• [TASK TO COMPLETE]:
Every line in the records below between the one holding "1957 Ford Thunderbird" and the one holding "18, 2:43 pm", inclusive, is to be set down exactly; all other lines are to be left out.

• [LISTED ENTRIES]:

▬▬▬

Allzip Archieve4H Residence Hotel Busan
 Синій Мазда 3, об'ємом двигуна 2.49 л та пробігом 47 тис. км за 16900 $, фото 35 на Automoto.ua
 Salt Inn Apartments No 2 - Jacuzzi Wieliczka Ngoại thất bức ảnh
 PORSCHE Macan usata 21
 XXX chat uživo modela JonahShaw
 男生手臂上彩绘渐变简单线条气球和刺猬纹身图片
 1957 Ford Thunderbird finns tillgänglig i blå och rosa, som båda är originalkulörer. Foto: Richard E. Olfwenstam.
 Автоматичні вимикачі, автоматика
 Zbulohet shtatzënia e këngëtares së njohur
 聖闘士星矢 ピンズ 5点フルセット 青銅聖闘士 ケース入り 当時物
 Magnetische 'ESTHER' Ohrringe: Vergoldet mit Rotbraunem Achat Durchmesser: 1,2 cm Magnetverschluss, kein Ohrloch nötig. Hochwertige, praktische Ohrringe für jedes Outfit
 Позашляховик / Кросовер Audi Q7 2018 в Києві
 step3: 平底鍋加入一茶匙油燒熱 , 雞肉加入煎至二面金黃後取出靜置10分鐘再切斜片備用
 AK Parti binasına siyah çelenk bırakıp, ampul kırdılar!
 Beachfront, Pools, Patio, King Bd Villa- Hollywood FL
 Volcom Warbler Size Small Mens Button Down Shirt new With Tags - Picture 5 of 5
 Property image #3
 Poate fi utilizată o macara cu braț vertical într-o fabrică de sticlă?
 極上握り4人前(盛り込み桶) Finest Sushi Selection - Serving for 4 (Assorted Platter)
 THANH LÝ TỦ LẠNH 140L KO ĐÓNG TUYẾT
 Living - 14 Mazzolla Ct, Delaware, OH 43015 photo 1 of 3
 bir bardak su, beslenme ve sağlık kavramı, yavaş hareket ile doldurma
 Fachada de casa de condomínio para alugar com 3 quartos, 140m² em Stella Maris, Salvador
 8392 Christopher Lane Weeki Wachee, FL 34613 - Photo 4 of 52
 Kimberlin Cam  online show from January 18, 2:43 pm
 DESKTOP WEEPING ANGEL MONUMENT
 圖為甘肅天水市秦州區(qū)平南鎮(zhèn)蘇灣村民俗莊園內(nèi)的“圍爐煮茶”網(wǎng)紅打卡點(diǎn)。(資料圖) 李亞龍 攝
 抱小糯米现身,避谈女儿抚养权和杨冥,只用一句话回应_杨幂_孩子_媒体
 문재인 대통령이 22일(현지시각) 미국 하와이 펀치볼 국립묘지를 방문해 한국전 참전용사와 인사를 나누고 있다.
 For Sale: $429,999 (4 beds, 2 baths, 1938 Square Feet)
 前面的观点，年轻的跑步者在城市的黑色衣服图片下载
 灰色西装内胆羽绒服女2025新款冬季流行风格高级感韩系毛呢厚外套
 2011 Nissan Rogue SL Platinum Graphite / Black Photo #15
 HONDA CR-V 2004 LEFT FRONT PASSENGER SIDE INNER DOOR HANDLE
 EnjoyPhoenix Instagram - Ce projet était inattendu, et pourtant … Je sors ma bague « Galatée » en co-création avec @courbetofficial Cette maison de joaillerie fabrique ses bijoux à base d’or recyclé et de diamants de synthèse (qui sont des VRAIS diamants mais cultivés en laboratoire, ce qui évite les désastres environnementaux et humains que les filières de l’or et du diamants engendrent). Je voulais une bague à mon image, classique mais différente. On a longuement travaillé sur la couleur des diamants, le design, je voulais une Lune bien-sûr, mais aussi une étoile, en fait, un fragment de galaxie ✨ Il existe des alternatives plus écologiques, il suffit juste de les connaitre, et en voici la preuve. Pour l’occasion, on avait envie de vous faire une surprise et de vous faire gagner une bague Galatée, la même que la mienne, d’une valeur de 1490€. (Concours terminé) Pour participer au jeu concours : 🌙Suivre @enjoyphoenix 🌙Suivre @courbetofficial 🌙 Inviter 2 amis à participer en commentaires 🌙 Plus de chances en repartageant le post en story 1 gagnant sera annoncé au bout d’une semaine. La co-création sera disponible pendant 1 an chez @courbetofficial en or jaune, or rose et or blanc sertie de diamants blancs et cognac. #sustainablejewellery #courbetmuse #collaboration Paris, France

▬▬▬

• [OUTPUT OF THE TASK]:
 1957 Ford Thunderbird finns tillgänglig i blå och rosa, som båda är originalkulörer. Foto: Richard E. Olfwenstam.
 Автоматичні вимикачі, автоматика
 Zbulohet shtatzënia e këngëtares së njohur
 聖闘士星矢 ピンズ 5点フルセット 青銅聖闘士 ケース入り 当時物
 Magnetische 'ESTHER' Ohrringe: Vergoldet mit Rotbraunem Achat Durchmesser: 1,2 cm Magnetverschluss, kein Ohrloch nötig. Hochwertige, praktische Ohrringe für jedes Outfit
 Позашляховик / Кросовер Audi Q7 2018 в Києві
 step3: 平底鍋加入一茶匙油燒熱 , 雞肉加入煎至二面金黃後取出靜置10分鐘再切斜片備用
 AK Parti binasına siyah çelenk bırakıp, ampul kırdılar!
 Beachfront, Pools, Patio, King Bd Villa- Hollywood FL
 Volcom Warbler Size Small Mens Button Down Shirt new With Tags - Picture 5 of 5
 Property image #3
 Poate fi utilizată o macara cu braț vertical într-o fabrică de sticlă?
 極上握り4人前(盛り込み桶) Finest Sushi Selection - Serving for 4 (Assorted Platter)
 THANH LÝ TỦ LẠNH 140L KO ĐÓNG TUYẾT
 Living - 14 Mazzolla Ct, Delaware, OH 43015 photo 1 of 3
 bir bardak su, beslenme ve sağlık kavramı, yavaş hareket ile doldurma
 Fachada de casa de condomínio para alugar com 3 quartos, 140m² em Stella Maris, Salvador
 8392 Christopher Lane Weeki Wachee, FL 34613 - Photo 4 of 52
 Kimberlin Cam  online show from January 18, 2:43 pm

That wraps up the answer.